CS2007 Software Architecture Series Part 7: System Usage Considerations

Figuring out how to correctly utilize the various Commerce Server systems is mostly a matter (in most cases) of proper schema design coupled with understanding the breaking points of the various components so as not to exceed them. And this, of course, is based upon a solid understanding of the end state business requirements – as already discussed.

The other considerations and typical “gotchas” of system architecture with Commerce Server shall be enumerated throughout the balance of this section. From a logical perspective, it probably makes the most sense to attack system design in the following order:

·         Profiles

·         Catalog & Inventory

·         Orders

·         Marketing

·         Analytics

By starting with the customer, then the goods being sold to the customer, then the orders to process the goods, then the discounts overlaid on top of the orders, and finally the reports against the entire experience – one can minimize changes as a result of dependencies between systems unearthed in the architecture process.

Profiles

The major consideration with the Profile system is where does the data live? Given the flexibility- it can live in a variety of different places. Some considerations:

·         If the number of users is the principal concern, SQL is the best place to store the data – successful production deployments have gone to 60M+ on very moderate hardware.

o    The Partitioning feature adds a lot of complexity and should be carefully weighed as to the trouble factor versus simply running on a single SQL database; keep in mind that no customer has yet come close to needing to go beyond a single database deployment given the scalability of SQL Server on hardware available today.

·         Conversely, Active Directory can only store a small subset of users compared to SQL – ~10M is the practical limit.

·         OLE/DB and ODBC sources – although supported, were not expressly tested during the development cycle of Commerce Server 2007 given the wide variety of combinations and potential sources possible; utilizing these capabilities can be potentially putting oneself into unexplored territory .

·         Having disparate sources – although convenient – is a major performance drain. The Profile system will have to query multiple data sources and create a union of the results versus being able to execute a single query.

Because there is no “canned” schema – it is up to the user to completely define the system in whatever the systems of choice are for storing data.
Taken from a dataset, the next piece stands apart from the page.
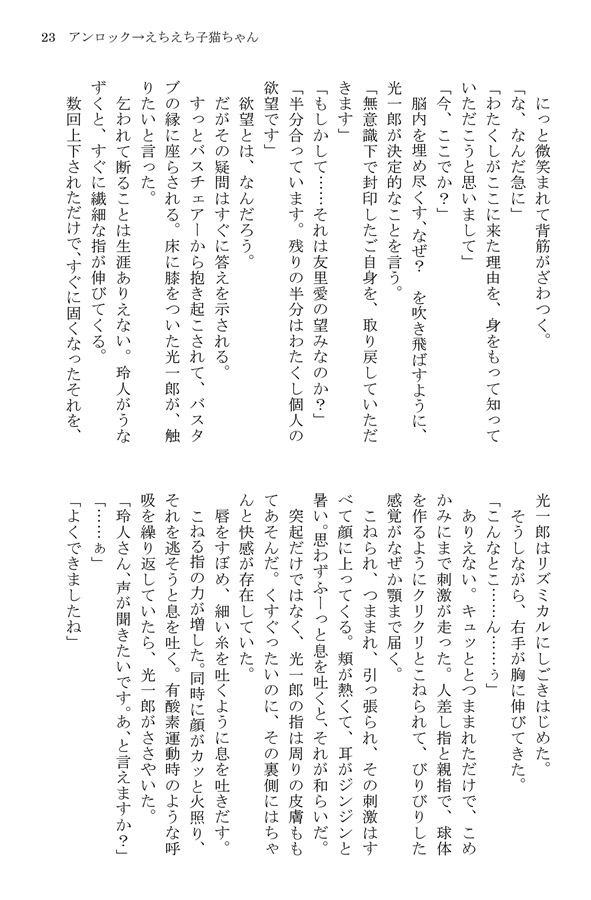 【小説】アンロック→えちえち子猫ちゃん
All standard best practices of designing relational database schema (or Active Directory, as the case may be) apply. Some particular considerations relevant to Commerce Server profiles include:

·         Because this is a from-scratch defined schema, if utilizing SQL – make sure it has indexes (and in particular clustered indexes) that are relevant to the usage patterns of the data being stored.
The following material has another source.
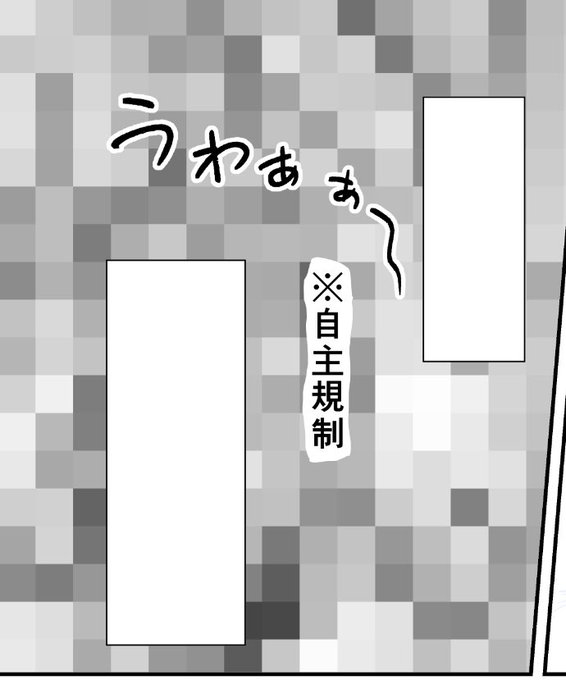 エロは理屈じゃねンだよなぁ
·         Design the table structure with respect to how it will be queried and updated – pulling single tables will always be cheaper than pulling multiple tables with join operations.

·         Be sure to remember where/how attributes utilized in personalization for the Marketing system will be stored as these are often the most queried in a production system.

There are no specific limitations with respect to data sizing; however the product was not tested above 60M profiles (mix of anonymous and registered). That being said – going above this should not be a major concern point.

The other major aspect of Profile system design is compliance with Payment Card Industry (PCI) standards. Storing any credit card data has major implications on policies from the credit card merchants themselves. If at all possible it is best not to store credit cards – as that alleviates many aspects of PCI compliance and the resultant independent audits. If it is required, data encryption must be utilized, which is supported by the Profile system. This will, however, affect performance for queries/updates accordingly.

Catalog

The Catalog system is designed as such that one rarely has to touch the underlying database directly. Therefore, the usage considerations are far narrower in scope, but often times more subtle than straightforward SQL design.

Some of the particular schema design considerations include:

·         Commerce Server stores a lot of metadata; SQL Server has a row size limitation of 8K. It is very easy to exceed this limitation when utilizing character-based data types. Using text-based data types (as opposed to character-based data types) will eliminate this problem, but make querying and accessing data slightly more complicated. It is better to go with text from the beginning however – as changes later could be potentially expensive and complex to affect against an existing system. 

·         Any field that needs to be free-text searchable will need to have its indexes continuously updated by SQL Server; the potential for stale data or a significant amount of processing overhead for index rebuilding is very high. In general, it is better to be judicious and find other ways to search data (if possible) than leveraging free-text searching given these factors.

·         The Catalog is not truly multi-currency; plan on storing separate fields for each currency being supported or plan on leveraging an exchange-rate translation table. There is no in-between.

·         Adding language support is easy from a schema perspective – so this can be easily added at any time.

·         Obviously, simpler is better – keeping the structure as flat as possible will make for faster querying.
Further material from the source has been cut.